Torturé, déporté, exilé

Ángel Parra a 23 ans quand sa mère se suicide, d’une balle de revolver, en 1967. « Violeta avait des oiseaux de toutes les couleurs dans la tête. Pour les libérer elle fait un trou, mais sa vie est partie avec » écrit le musicien et poète argentin Atahualpa Yupanqui (1908-1992). Ángel Parra raconte ses souvenirs d’elle jusqu’à ce jour fatal dans un ouvrage publié en 2006, au Chili, sous le titre Violeta se fue a los cielos, qui débouchera plus tard en France sur Violeta Parra, ma mère, publié chez Ecriture, en 2011. La même année où sort, au Chili, le film Violeta, première fiction inspirée par vie de la chanteuse, réalisé par Andrés Wood . A l’instar de l’Argentine Mercedes Sosa, du Cubain Silvio Rodriguez, de l’Américaine Joan Baez, ou, récemment, de la Portugaise Lula Pena, Ángel Parra a chanté Violeta Parra.

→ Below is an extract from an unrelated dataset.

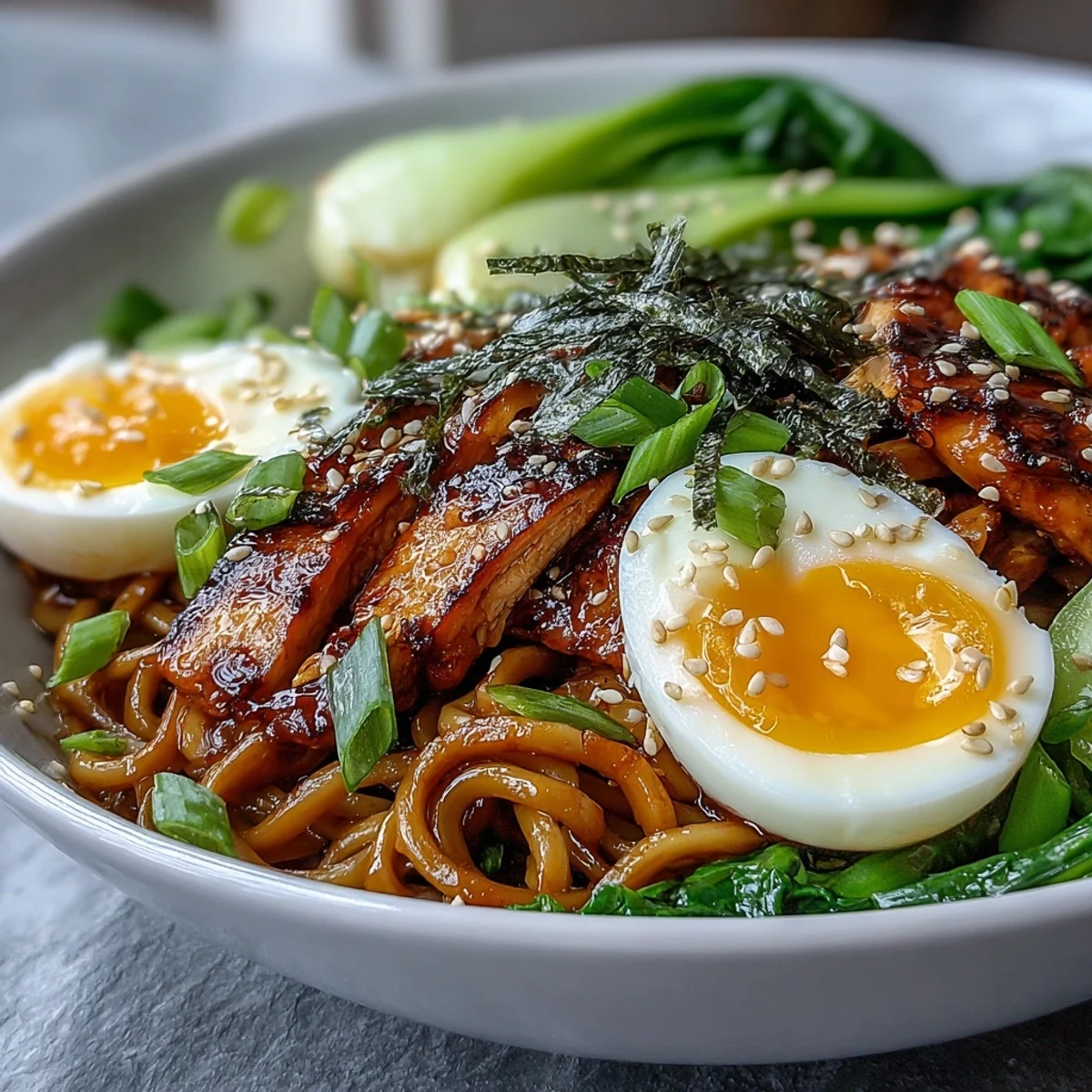 Two bowls of Healthy Miso Chicken Noodle Bowls feature sliced grilled chicken, chewy soba noodles, and crisp vegetables like bok choy and carrots in a savory broth.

Dans son premier roman Mains sur la nuque, publié en 2007, il évoque les événements dramatiques de 1973

Soutien du président Salvador Allende (auquel il rendra hommage à travers l’album Venceremos en 2013), au moment du coup d’état en 1973, Ángel Parra est arrêté, torturé puis déporté dans le camp de concentration de Chacabuco, dans le nord du pays. Il sera libéré puis expulsé au Mexique avant de s’installer en France, grâce à une mobilisation internationale et d’artistes dont font partie Yves Montand, Charles Aznavour et Joan Baez. Chanteur engagé, Il prend sur le tard le goût d’écrire au-delà du format de la chanson et publie en 2007, son premier roman Mains sur la nuque, (chez Métailié), au travers duquel il évoque les événements dramatiques de 1973.

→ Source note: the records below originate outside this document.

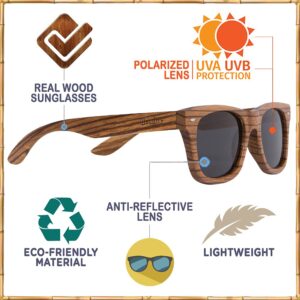 Woodies Polarized All-Wood Zebra Wood Sunglasses for Men and Women | Dark Lenses and Real Wooden Frame | 100% UVA/UVB Ray Protection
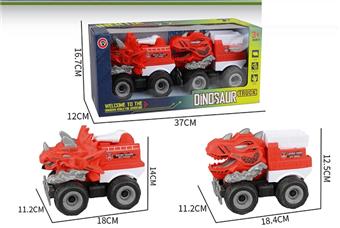 (GCC) Two large inertial dinosaur fire trucks   ITEM NO.： W001465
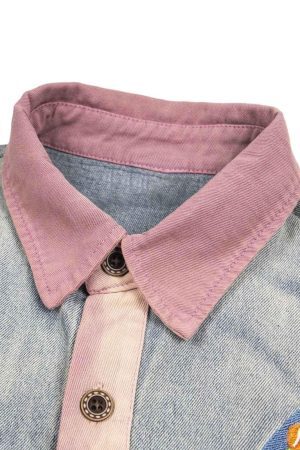 Concert Outfit Embroidered Patch Denim Shirt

En janvier 2017 paraissent au Chili ses deux derniers ouvrages, Mi nueva canción Chilena, et un livre pour enfants, Al mundo niño le canto. Le jour du décès du chanteur, le producteur, compositeur et DJ français Philipe Cohen-Solal écrivait sur sa page Facebook : « Un être de douceur et de poésie vient de nous quitter aujourd’hui et c’est une très triste nouvelle. Il célébrait récemment avec son peuple le centenaire de la naissance de sa mère Violeta Parra, la Joan Baez chilienne, tout en se battant avec inquiétude mais optimisme contre cette saleté de cancer. J ai eu la chance de la rencontrer il y a quelques années et de le fréquenter depuis. Je vous ferai écouter bientôt les morceaux auxquels il m’avait fait l’amitié de participer, en hommage à Victor Jarra. Angel, ange tu étais ange tu resteras. »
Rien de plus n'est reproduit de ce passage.